Competition Bureau, Bulletin, Leniency Program: “Under the [Competition Bureau’s] Leniency Program, the Bureau will recommend to the Public Prosecution Service of Canada (‘PPSC’) that qualifying applicants be granted recognition for timely and meaningful assistance to the Bureau’s investigation and any subsequent prosecution. While leniency candidates are not eligible for a grant of immunity under the Bureau’s immunity Program, their early admission and cooperation respecting their role in a cartel offence can earn them a substantial basis for lenient treatment in sentencing.”
International Competition Network, Anti-Cartel Enforcement Manual, Chapter 4: “Leniency. Leniency is a generic term to describe a system of partial or total exoneration from the penalties that would otherwise be levied on a cartel member in exchange for reporting its cartel membership to a competition agency and cooperating with the agency’s investigation.”
See Competition Bureau, Bulletin, Leniency Program.

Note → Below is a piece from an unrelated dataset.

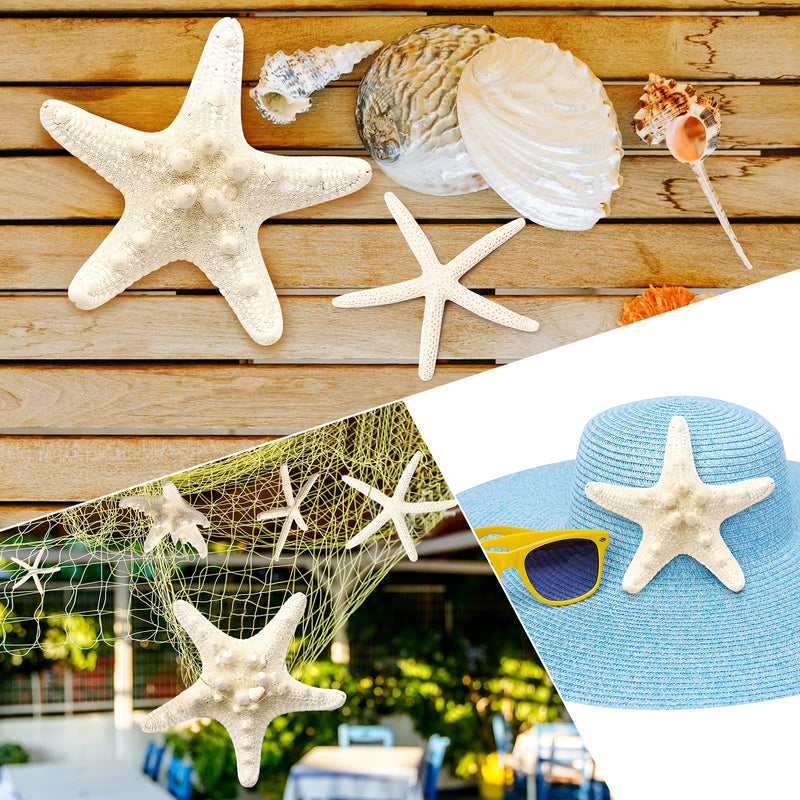 Maicodes 12 PCS Starfish | 2.5-6 Inch Starfish Decor | Natural Bulk Starfish Shells Perfect for Crafts Making Beach Theme Party Wedding Decoration, Home Wall Decor, Christmas Ornaments, Fish Tank - NewNest Australia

Foulidis v. Ford, 2012 ONSC: “The plaintiff must prove four things on the balance of probability to prove a libel in this case: (1) that the defendant spoke the words in issue; (2) that the defendant published the words in issue to one or more third parties; (3) that the words in issue referred to the plaintiff; (4) that the words in issue were defamatory of the plaintiff.”
Canadian Bar Association, “Defamation: Libel and Slander” (online): “Libel is the type of defamation with a permanent record, like a newspaper, a letter, a website posting, an email, a picture, or a radio or TV broadcast. If you can prove that someone libeled you, and that person does not have a good defence … then a court will presume that you suffered damages and award you money to pay for your damaged reputation. But going to Supreme Court is expensive and even if you win, you may not get as much as it costs you to sue. In deciding on damages, the Court will consider your position in the community. For example, if you are a professional, damages may be higher.”
R. v. David Stucky, 2006 CanLII 41523 (Ont. S.C.): “A lift letter is a promotional technique, routinely used in direct mail promotions, urging further consideration of the initial offer before its expiration.”
Generally speaking, advertising or marketing in Canada can be misleading under federal (e.g., the federal Competition Act) or provincial (e.g., consumer protection legislation) where a representation or advertising claim is either literally false or misleading (the latter which may take into consideration the “general impression” of an advertising claim). With respect to the literal meaning of an advertising claim, the Supreme Court has held: “The phrase ‘literal meaning of the terms used therein’ [for the purposes of the Quebec Consumer Protection Act] does not raise any interpretation problems. It simply means that every word used in a representation must be interpreted in its ordinary sense” (Richard v. Time Inc., 2012 SCC 8).